Morte di Natalia, indagato un medico
La piccola aveva sei mesi. Secondo gli esperti incaricati dalla Procura di Padova ci sono stati errori in sala operatoria

PADOVA. È morta a sei mesi e mezzo di vita dopo una seria operazione cardiochirurgica per correggere una malformazione al cuore. Ora si ritrova sotto inchiesta per omicidio colposo il professor Giovanni Stellin, direttore della Cardiochirurgia pediatrica dell’Azienda ospedaliera di Padova, apprezzato specialista con esperienze a Harvard (Boston) e a Melbourne (Australia), membro di importanti società internazionali del settore. Problematico il primo intervento subìto dalla neonata, al quale ne sono seguiti altri due. Poi la lenta agonia. E il 26 settembre 2016 è arrivata la morte per la piccola Natalia Merlo, originaria di Trivignano Udinese, in Friuli, dove vivono la mamma Jenny, il papà Alessandro, imprenditore agricolo e assessore del piccolo Comune, e i due gemellini perfettamente sani Samuel ed Ellis. I tre bimbi erano nati l’1 marzo 2016 nella Neonatologia dell’ospedale di Udine con taglio cesareo alla trentacinquesima settimana. Natalia (1 chilo e 677 etti alla nascita) era stata trovata affetta da una patologia cardiaca. Chiara l’indicazione dei medici: era consigliabile il trasferimento della piccola nella Cardiochirurgia pediatrica padovana dove è operata l’1 luglio. Ma l’intervento va male. L’atto d’accusa della Procura è nella consulenza tecnica ordinata a due esperti dal pm padovano Francesco Tonon, che ha aperto un’inchiesta dopo la denuncia presentata lo scorso dicembre dai genitori, affiancati dallo studio 3A e tutelati dall’avvocato Marco Frigo.
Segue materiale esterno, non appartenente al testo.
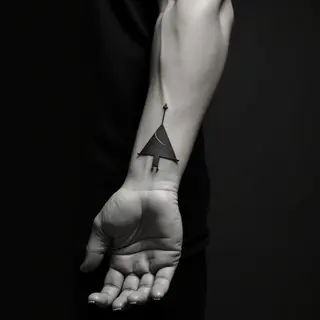 Minimalist Geometric Wrist Tattoos: Cool & Subtle Designs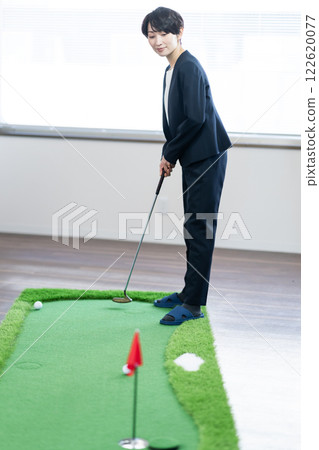 A winning female president practicing golf in the office A winning female president practicing golf in the office 122620077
Scrivono il professor Andrea Verzelletti, direttore dell’Istituto di medicina legale dell’ospedale di Brescia, e il dottor Giancarlo Crupi, già nell’unità operativa della Cardiochirurgia pediatrica di Bergamo: «Sono ravvisabili inadeguatezze assistenziali inquadrabili in termini di imprudenza da parte del professor Stellin, quale primo operatore, nell’esecuzione dell’intervento dell’1 luglio 2016». I due esperti censurano le modalità di esecuzione dell’intervento effettuato quando la bambina aveva appena 4 mesi: era in buone condizioni generali, stava crescendo in maniera normale e - a loro giudizio - si poteva optare per una serie di controlli della funzionalità cardiaca in attesa della crescita.